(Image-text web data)
□ □ □ □ □ □ □
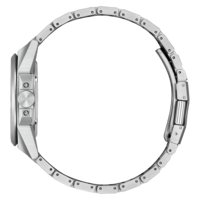 Vue latérale d'une montre argentée avec bracelet en métal, design élégant.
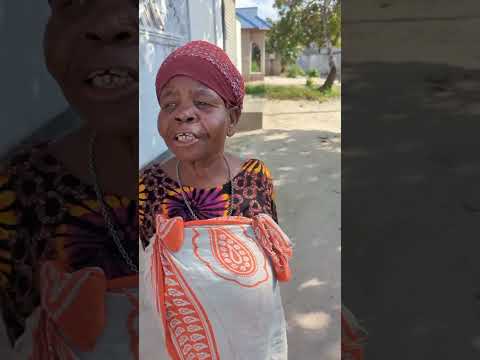 BIBI CHAKA ANATAKA VIJANA WADOGO WADOGO CHEKA NA BIBI CHAKA Dunia Clamvevo Comedy Funny 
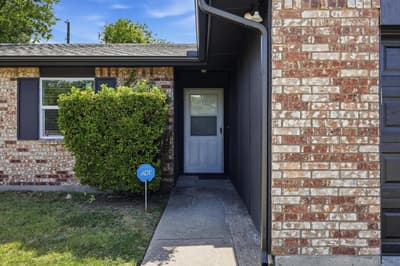 1211 Aspen Drive, Duncanville TX 75116 - Photo 2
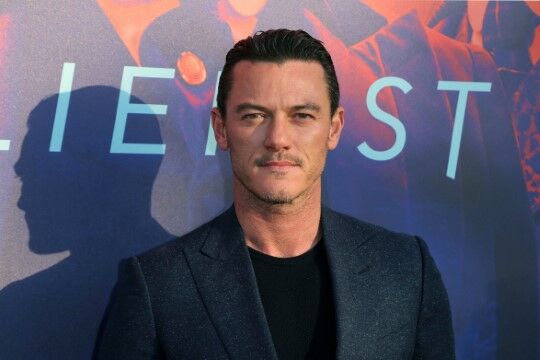 Luke Evans B6d50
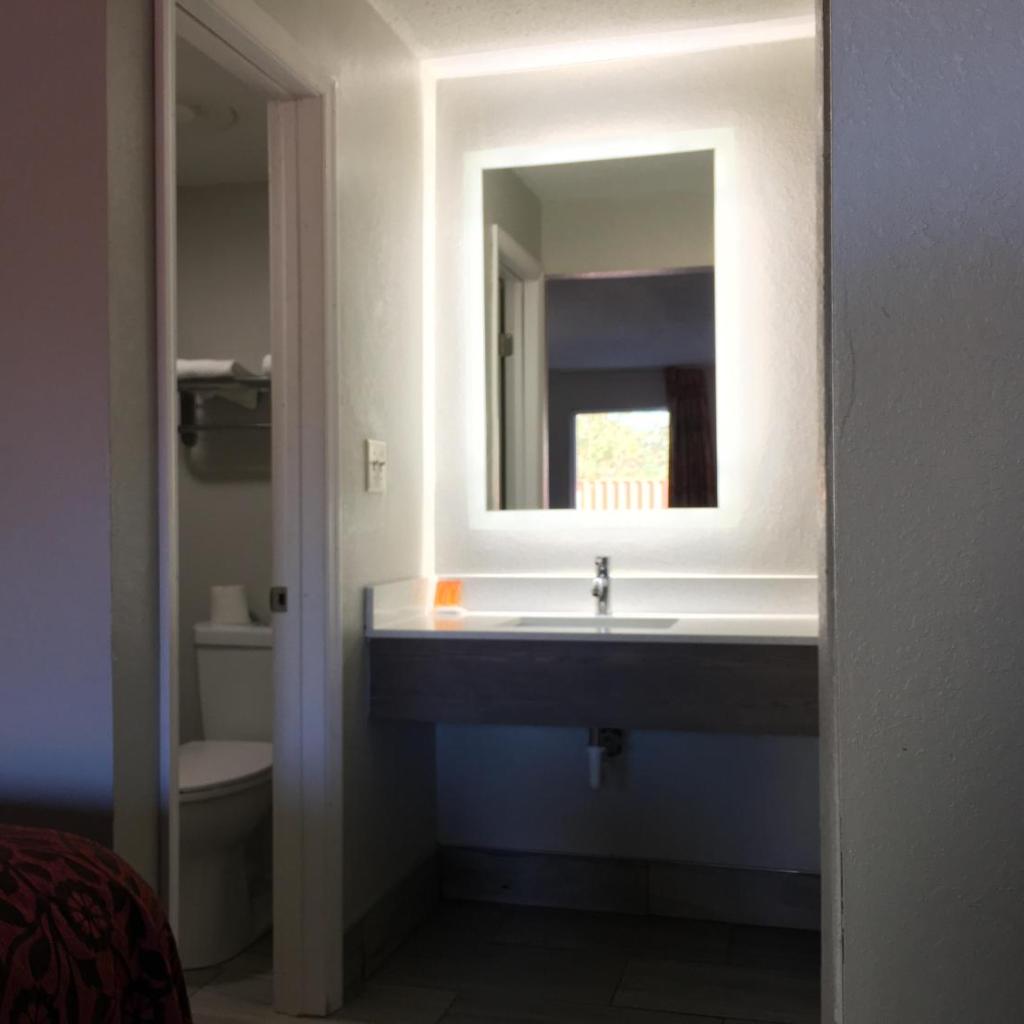Photograph of Days Inn & Suites by Wyndham Charleston Airport West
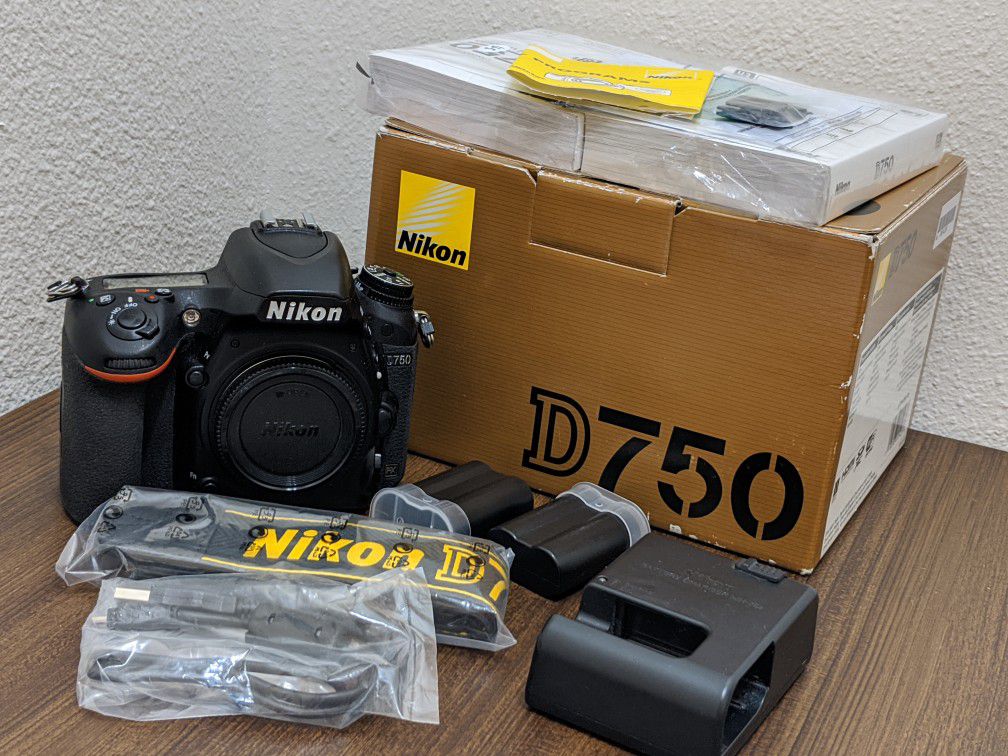 Nikon Full Frame DSLR D750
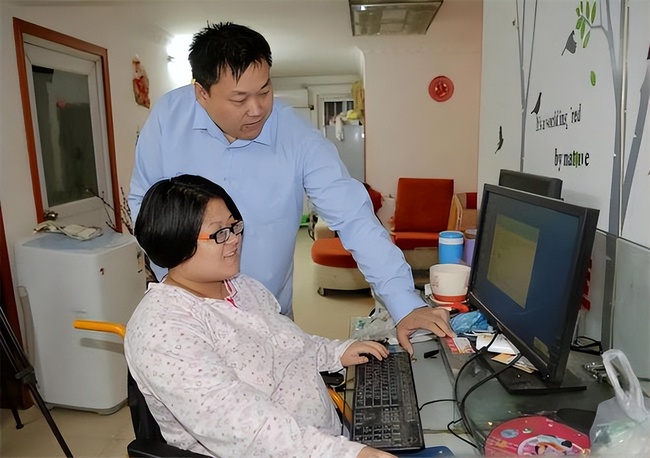 Mẹ chỉ có nửa cơ thể, bố bị liệt một chân: Cặp đôi khuyết tật sinh đôi thành công và cuộc sống hiện tại khiến ai cũng rơi lệ - Ảnh 6. Mẹ chỉ có nửa cơ thể, bố bị liệt một chân: Cặp đôi khuyết tật sinh đôi thành công và cuộc sống hiện tại khiến ai cũng rơi lệ - Ảnh 6.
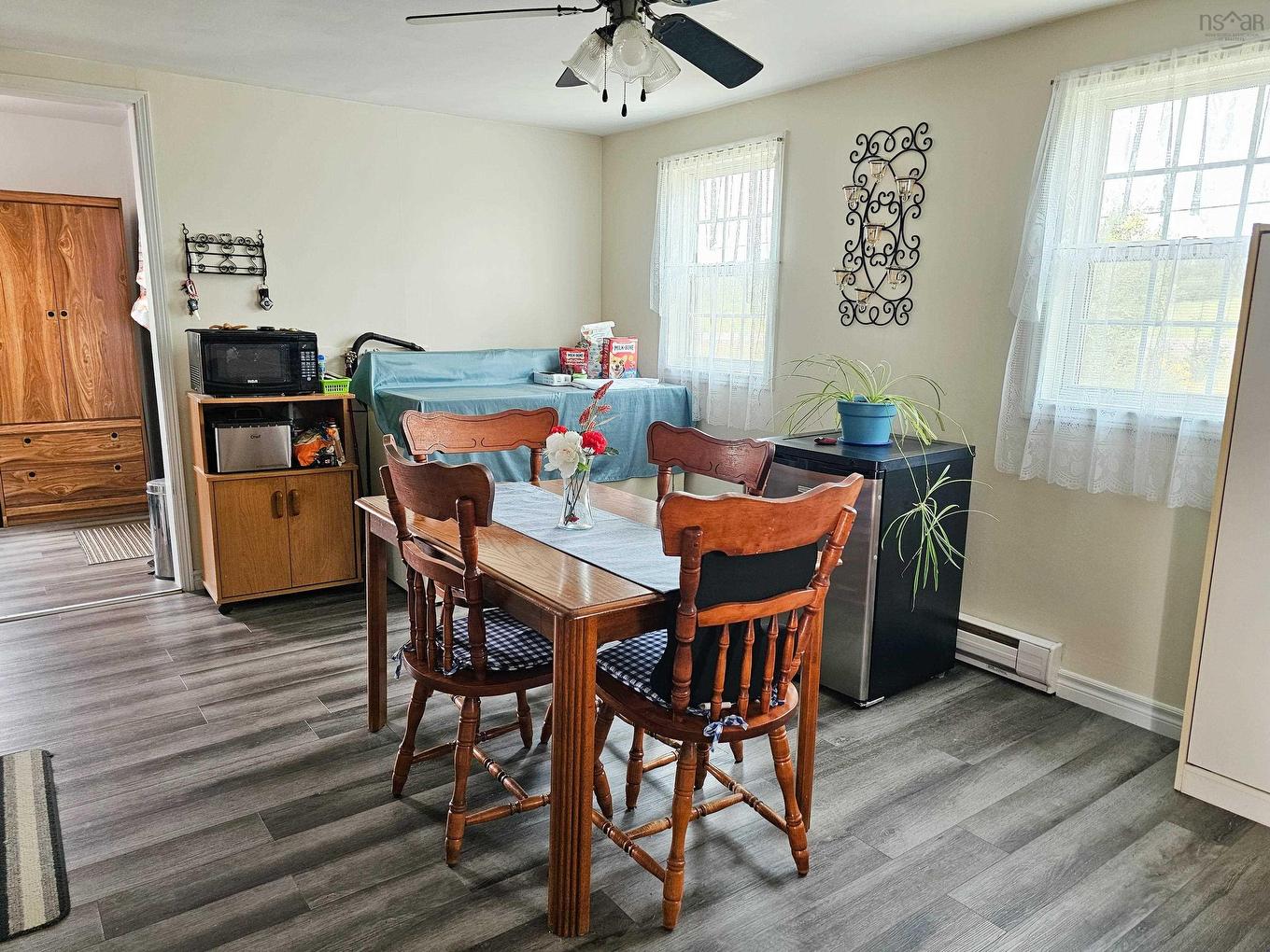 4606 Highway 2, Upper Economy, NS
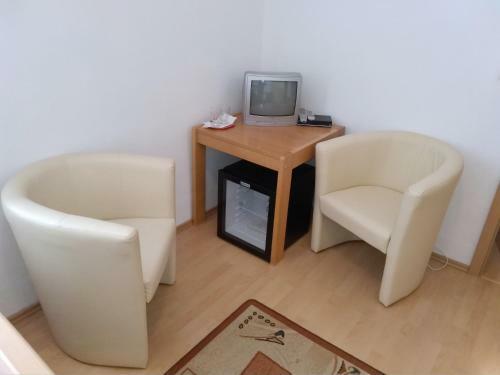 Hostal Pension Motel Anna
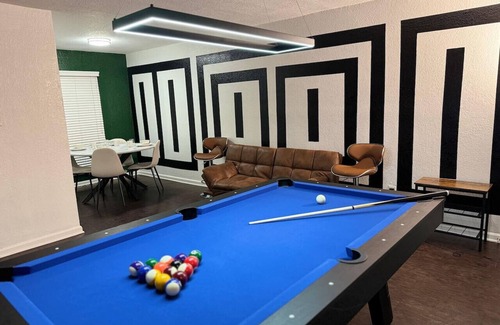 Greater Heights Apartment | Pool Table | Luxury 1Bed Apt in Downtown & Heights
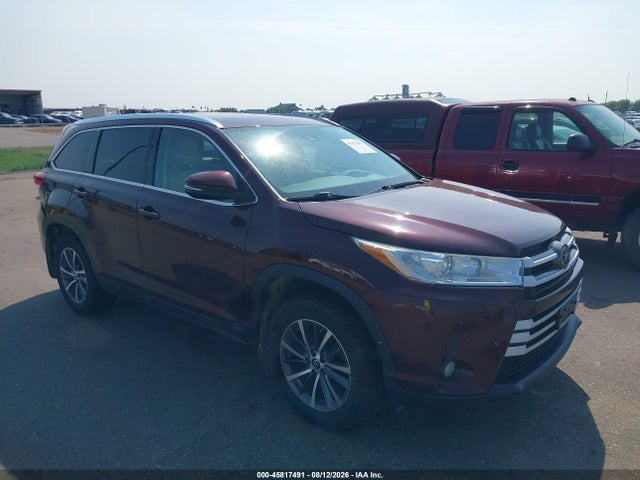 Aukcja sprzedaży 2019 Toyota Highlander Xle, vin: 5TDJZRFH7KS702988, numer aukcji: 45817491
□ □ □ □ □ □ □
[WHAT THE EXERCISE ASKS] The result should be every entry, word for word, and no pictures.

[EXERCISE SOLUTION]
 Vue latérale d'une montre argentée avec bracelet en métal, design élégant.
 BIBI CHAKA ANATAKA VIJANA WADOGO WADOGO CHEKA NA BIBI CHAKA Dunia Clamvevo Comedy Funny 
 1211 Aspen Drive, Duncanville TX 75116 - Photo 2
 Luke Evans B6d50
Photograph of Days Inn & Suites by Wyndham Charleston Airport West
 Nikon Full Frame DSLR D750
 Mẹ chỉ có nửa cơ thể, bố bị liệt một chân: Cặp đôi khuyết tật sinh đôi thành công và cuộc sống hiện tại khiến ai cũng rơi lệ - Ảnh 6. Mẹ chỉ có nửa cơ thể, bố bị liệt một chân: Cặp đôi khuyết tật sinh đôi thành công và cuộc sống hiện tại khiến ai cũng rơi lệ - Ảnh 6.
 4606 Highway 2, Upper Economy, NS
 Hostal Pension Motel Anna
 Greater Heights Apartment | Pool Table | Luxury 1Bed Apt in Downtown & Heights
 Aukcja sprzedaży 2019 Toyota Highlander Xle, vin: 5TDJZRFH7KS702988, numer aukcji: 45817491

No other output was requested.